**Exercise brief**
The answer must be only the lines below from the one holding "Balmain Hair Cardamom" down to the one holding "冰球突破-冰球电游奢华版_MG冰球游戏", ends included, printed exactly; please omit all pictures.

━━ Source material ━━

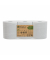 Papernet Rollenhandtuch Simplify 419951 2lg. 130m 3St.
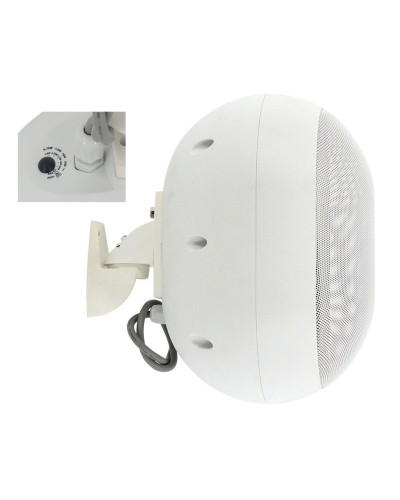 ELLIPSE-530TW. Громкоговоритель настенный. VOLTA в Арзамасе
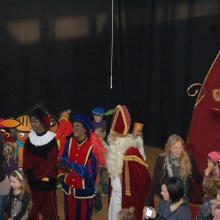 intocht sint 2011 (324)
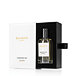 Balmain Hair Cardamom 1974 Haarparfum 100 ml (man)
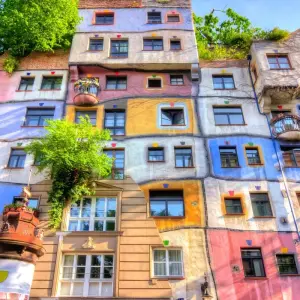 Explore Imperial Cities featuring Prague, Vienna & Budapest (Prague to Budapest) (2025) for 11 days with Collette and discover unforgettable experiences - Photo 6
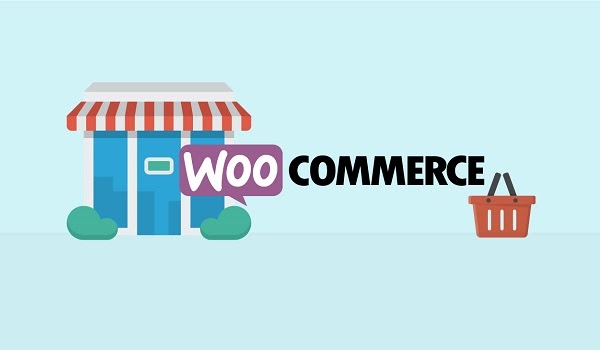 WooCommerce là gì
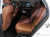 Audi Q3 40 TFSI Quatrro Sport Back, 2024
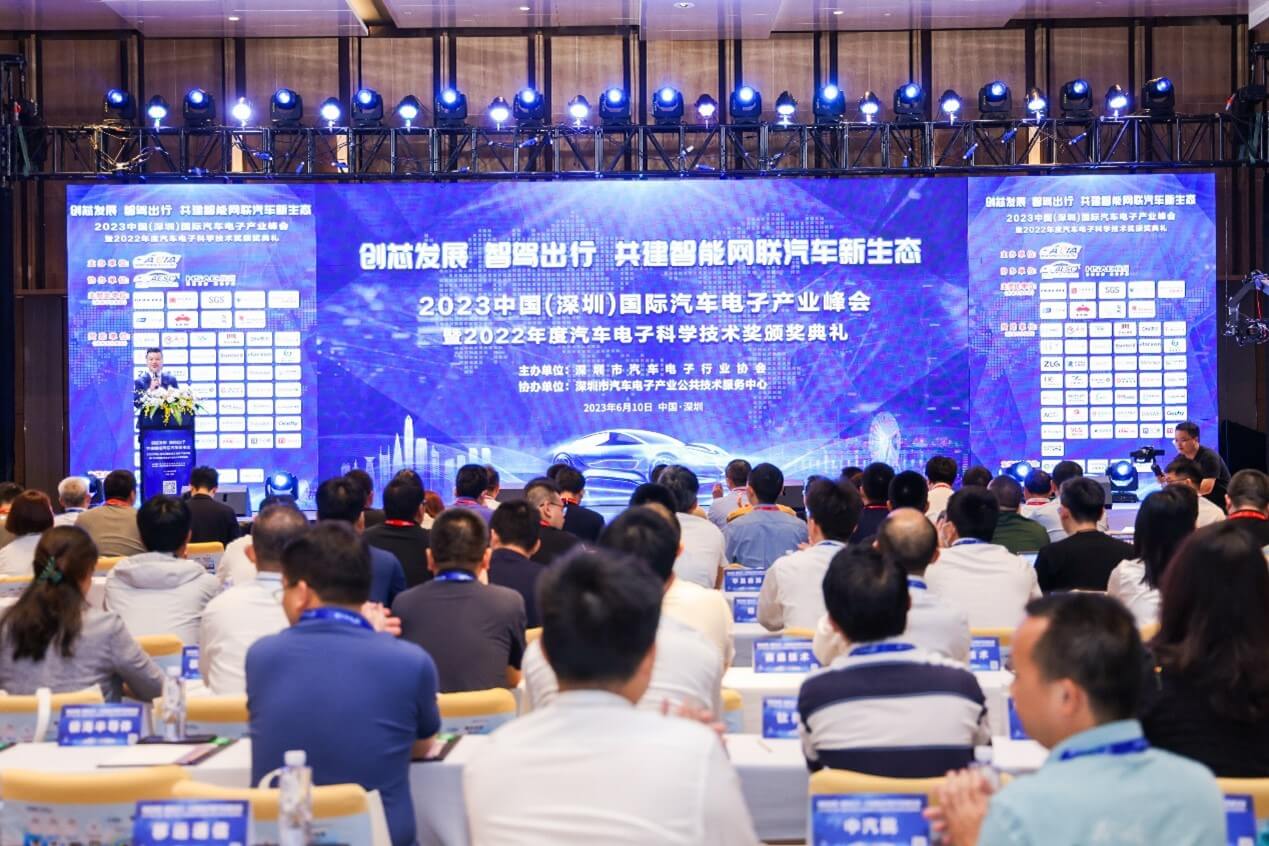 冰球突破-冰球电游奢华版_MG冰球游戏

━━━
━━ Source material ━━

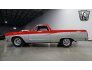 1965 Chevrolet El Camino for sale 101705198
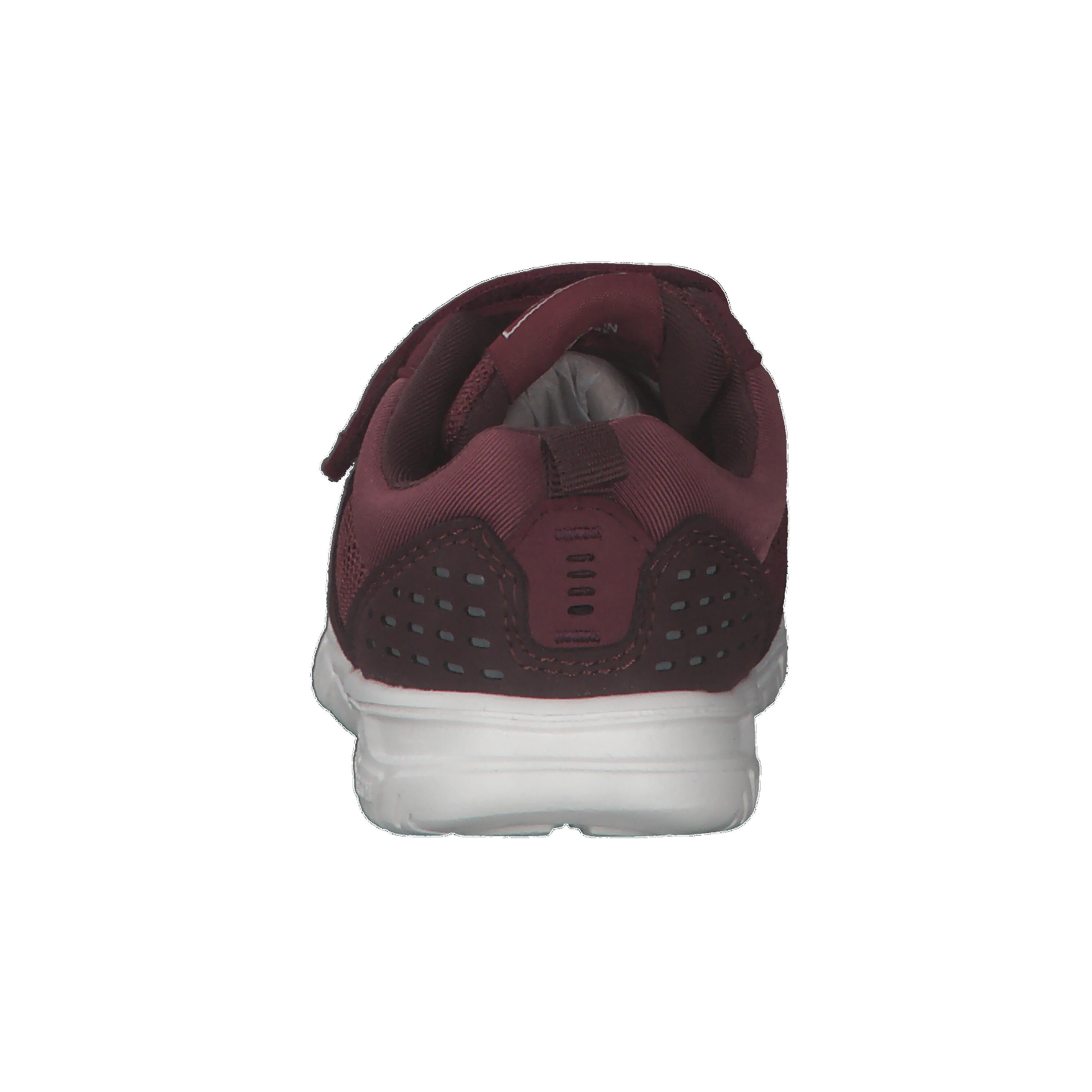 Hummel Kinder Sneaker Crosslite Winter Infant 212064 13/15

━━━
━━ Source material ━━

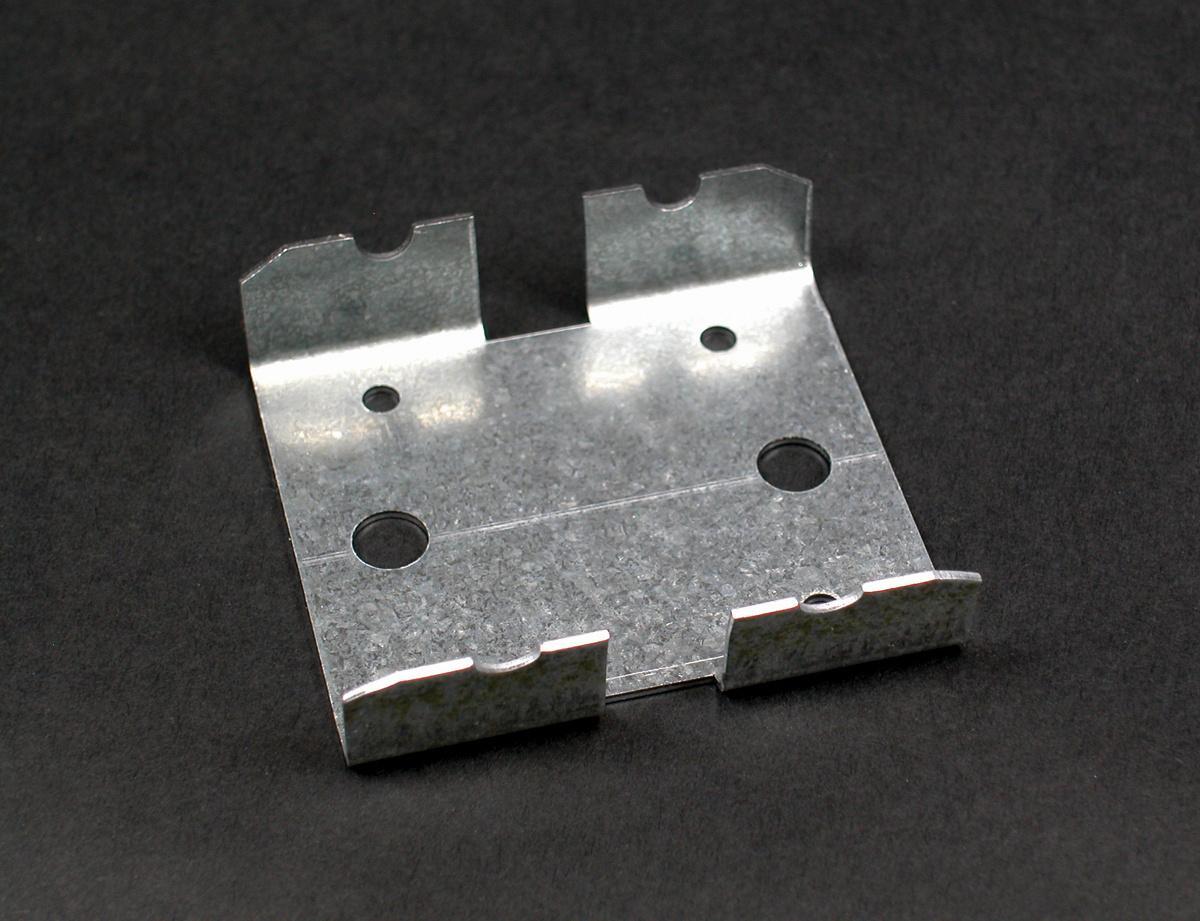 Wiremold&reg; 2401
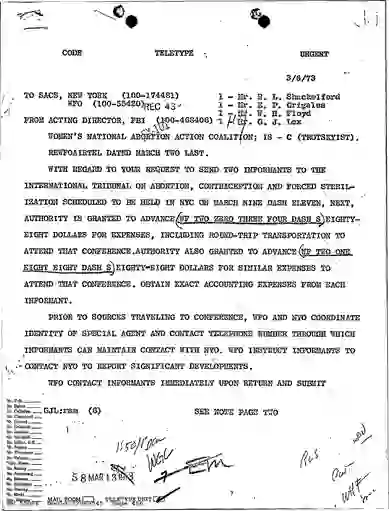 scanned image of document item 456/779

━━━

**Result of this task**
 Balmain Hair Cardamom 1974 Haarparfum 100 ml (man)
 Explore Imperial Cities featuring Prague, Vienna & Budapest (Prague to Budapest) (2025) for 11 days with Collette and discover unforgettable experiences - Photo 6
 WooCommerce là gì
 Audi Q3 40 TFSI Quatrro Sport Back, 2024
 冰球突破-冰球电游奢华版_MG冰球游戏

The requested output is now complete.